The elision of the faith elements of a man’s life and work is one of the cardinal sins of omission by the academic and business worlds, where the Christian Intellectual Tradition is treated as implicit at best and embarrassing at worst. I’m not saying that we need to crank out fresh hagiography, but if someone wants to understand a thinker like Drucker, it is not possible to be honest and omit what was not a “Sunday morning faith” for the man but rather an all-encompassing system that drove much of his passion for people and institutions as a whole. Indeed, Drucker mentored, of all people, Rick Warren and Peter Steinfels’ obituary for Drucker in the New York Times asks, almost literally, why hardly anyone ever talks about Drucker’s faith. My point is not that we turn Drucker into some sort of theologian, per se, but rather that we don’t forget the theological principles that influenced his work.
This reminds me of my own experience with T. S. Eliot. I had high school course that taught “The Love Song of J. Alfred Prufrock.” Same thing in college. In graduate school, we did “The Wasteland” and much of his other poetry. A second grad school course on the American Modernists pretty much taught Eliot as the shimmering incarnation of the ennui of the 1920s. This was the first time a professor made an off-hand comment about “Eliot’s later poetry being a bit trite as he became cougha Christian.” I remember sitting up in my desk and thinking, “A what!?” before finding a biography that afternoon and discovering poems like the “Four Quartets.” What’s next, I wondered, will I find out that John Donne was a pastor or something? (note: I’m being sarcastic! ;-)

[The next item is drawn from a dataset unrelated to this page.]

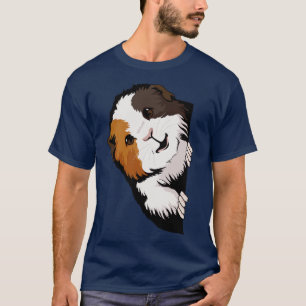 Camiseta Pinheiro-Da-Guiné Olhando Do Lado Cavy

There is a difference between an ellipsis and elision. An ellipsis drops out a phrase or a clause within a sentence that is not necessary for the accurate understanding of the sentence. Elision obliterates a meaningful unit, changing the understanding altogether. Omitting a man’s faith and his participation in the great Christian Intellectual Tradition may not change the meaning of that man’s life for someone who is a secularist, but it does elide the truth from posterity. And we are the weaker for such acts of obliteration.